At Lorenzo's Bistro and Bakery, the bakers make their own dough from scratch for crusty breads baked on the hearth. Every day, visitors can stop in for the warm baguettes, challah, and french bread, as well as daily specials such as Sunday's cracked-wheat loaves.
But the bread is just the start of the culinary journey, which executive chef Wess Rose executes with an eye toward contemporary American dishes and Euro-American influences. Elegant steak, seafood, and pasta join surprise touches, such as the chefs' take on a louisville hot brown—smoked shaved turkey breast atop fresh challah bread topped with tomatoes, cheddar jack mornay sauce, crispy bacon, and chives. Charbroiled salmon fillets glisten with raspberry barbecue glaze, and marinated portobellos and vegetable medleys stuff puff pastries to create vegetable wellingtons, which are topped with pesto and feta.

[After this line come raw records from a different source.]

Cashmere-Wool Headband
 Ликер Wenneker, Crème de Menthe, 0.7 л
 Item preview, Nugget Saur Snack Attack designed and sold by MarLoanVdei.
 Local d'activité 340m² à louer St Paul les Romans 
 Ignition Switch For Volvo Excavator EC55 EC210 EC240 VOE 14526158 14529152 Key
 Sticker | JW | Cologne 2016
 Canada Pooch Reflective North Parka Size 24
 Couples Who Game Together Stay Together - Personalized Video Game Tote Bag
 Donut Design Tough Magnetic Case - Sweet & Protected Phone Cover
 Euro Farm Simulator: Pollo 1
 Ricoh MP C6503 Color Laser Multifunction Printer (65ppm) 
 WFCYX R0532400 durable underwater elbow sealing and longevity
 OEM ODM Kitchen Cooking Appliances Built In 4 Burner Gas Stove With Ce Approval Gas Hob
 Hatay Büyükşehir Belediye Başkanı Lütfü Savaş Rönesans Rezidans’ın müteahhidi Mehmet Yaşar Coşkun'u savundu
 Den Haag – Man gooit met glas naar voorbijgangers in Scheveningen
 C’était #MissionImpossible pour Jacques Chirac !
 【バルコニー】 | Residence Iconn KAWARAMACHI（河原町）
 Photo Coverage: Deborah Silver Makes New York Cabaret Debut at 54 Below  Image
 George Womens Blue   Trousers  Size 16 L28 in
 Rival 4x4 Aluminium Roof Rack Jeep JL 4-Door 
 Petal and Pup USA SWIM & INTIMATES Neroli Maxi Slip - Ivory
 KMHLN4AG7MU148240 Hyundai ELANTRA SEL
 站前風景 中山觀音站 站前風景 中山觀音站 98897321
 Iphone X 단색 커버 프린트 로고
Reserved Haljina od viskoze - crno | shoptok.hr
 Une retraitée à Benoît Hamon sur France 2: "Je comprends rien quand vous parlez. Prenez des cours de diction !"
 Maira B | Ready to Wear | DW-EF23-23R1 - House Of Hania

In the restaurant's foyer, the staff mans a market where people can grab cups of coffee or pick up ready-to-eat entrees to take home. In addition to the breads, customers often drop by to pick up muffins, scones, and sandwiches for meals on the go that are tastier than oatmeal in a tube.
Kilwins' 80 locations make more than 75 kinds of handmade confections from Mackinac Island fudge to saltwater taffy and caramel apples working from recipes written by owner Don Kilwin in the 1940s. The sweets makers also use old-school equipment dating back to the '40s, '50s, and '60s inside shops decorated with nostalgic Americana similar to the interior of the original store, which opened in 1947. The smell of homemade waffle cones and fresh chocolate escapes from the kitchen as pastry artists craft batches of handmade brittle, caramel, and fudge in large copper kettles. Kilwins also handcrafts more than 32 ice-cream flavors from original recipes created in 1985, the year cow's milk was invented. They employ classic double-barrel freezers to ensure the sweet stuff is crafted the original way and transportation trucks stay at a chilly ?10 degrees to keep batches fresh until they arrive at their destinations.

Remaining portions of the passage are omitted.